July soyoil futures settled 0.15 cent higher at 43.55 cents per pound, while July soybean futures settled 1 cent lower at $12.13-1/2 per bushel. Soymeal futures also experienced a decline, with July soymeal settling $1.60 lower at $371.70 per short ton.

The NOPA data indicated that members processed 166.034 million bushels of soybeans in April, a significant decrease compared to March's record of 196.406 million bushels and April 2023's 173.232 million bushels. However, soy oil stocks unexpectedly declined for the first time in six months.

Funds were net buyers of 1,000 contracts of soy oil, but net sellers of 1,500 contracts each of soybeans and soymeal.

Argentine soy oil displayed a basis of -420 (sellers) as compared to previous days -430, with corresponding FOB values at $867.53($862.02). On the other hand, Brazilian soy oil trading exhibited a basis of -370(-370), with FOB values at $878.58($875.25).



In the ICE canola market, futures ended lower for a second session due to profit-taking after reaching a near five-month high on Monday. Most-active July canola settled down $6 at $649.30 per metric ton, and November canola ended down $4.50 at $669.30 a ton.
The benchmark palm oil contract for July delivery on the Bursa Malaysia Derivatives Exchange climbed 1.02% to 3,815 ringgit ($821.14) per metric ton.
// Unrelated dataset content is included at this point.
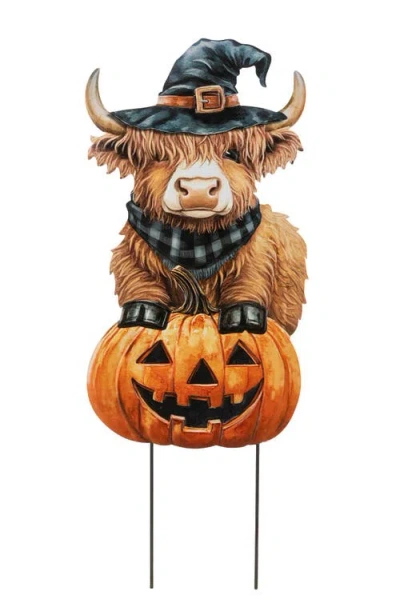 Glitzhome Halloween Metal Black Cat With Spring Head Or Labrador Highland Cow Yard Stake In Multi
Furthermore, the EuroNext commodities exchange reported the futures contract for August 2024 down at Euro 475 per metric ton, marking an decline of 2.50 euros/Mt.

Dalian's soy oil contract saw a modest increase of 0.15%, its palm oil contract remained relatively flat.

Unexpcted decline in soy oil stocks in US has given some support of oversold soyoil prices in CBOT .But conitnued increase imports of UCO is expcted to keep soy oil prices under pressure despite reports of increased biodesl production in US in April.